[RECORDS]
..........

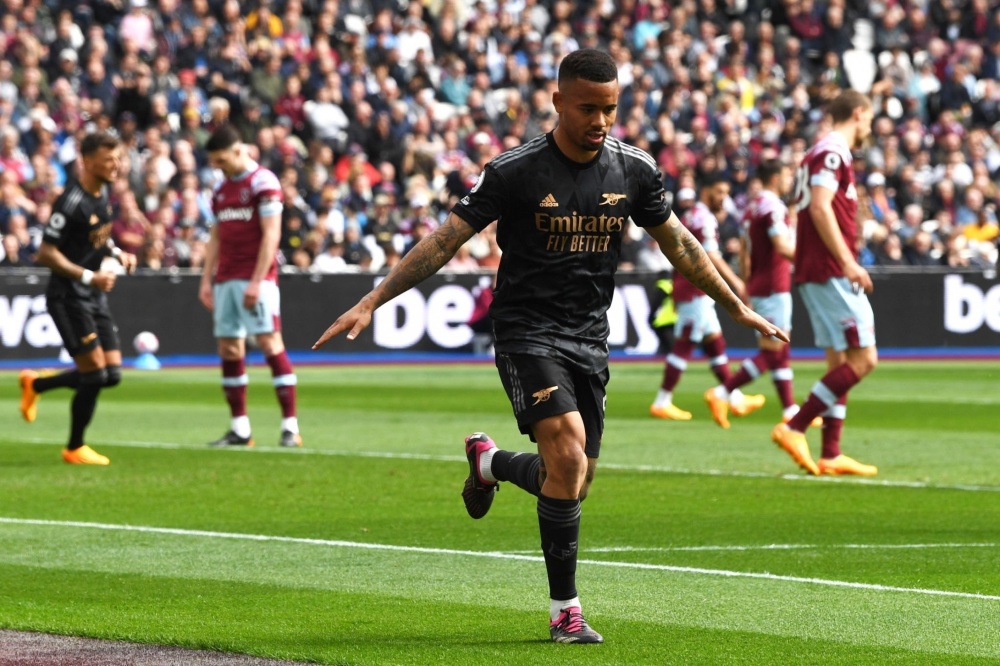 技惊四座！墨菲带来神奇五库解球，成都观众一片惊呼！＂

..........

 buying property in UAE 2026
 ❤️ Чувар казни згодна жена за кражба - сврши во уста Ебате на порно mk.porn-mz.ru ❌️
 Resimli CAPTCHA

..........

[WHAT YOU WILL DO] Print exactly the lines above from the one with "порно mk.porn-mz.ru ❌️" to the one with "Resimli CAPTCHA", including both.

[TASK RESPONSE]
 ❤️ Чувар казни згодна жена за кражба - сврши во уста Ебате на порно mk.porn-mz.ru ❌️
 Resimli CAPTCHA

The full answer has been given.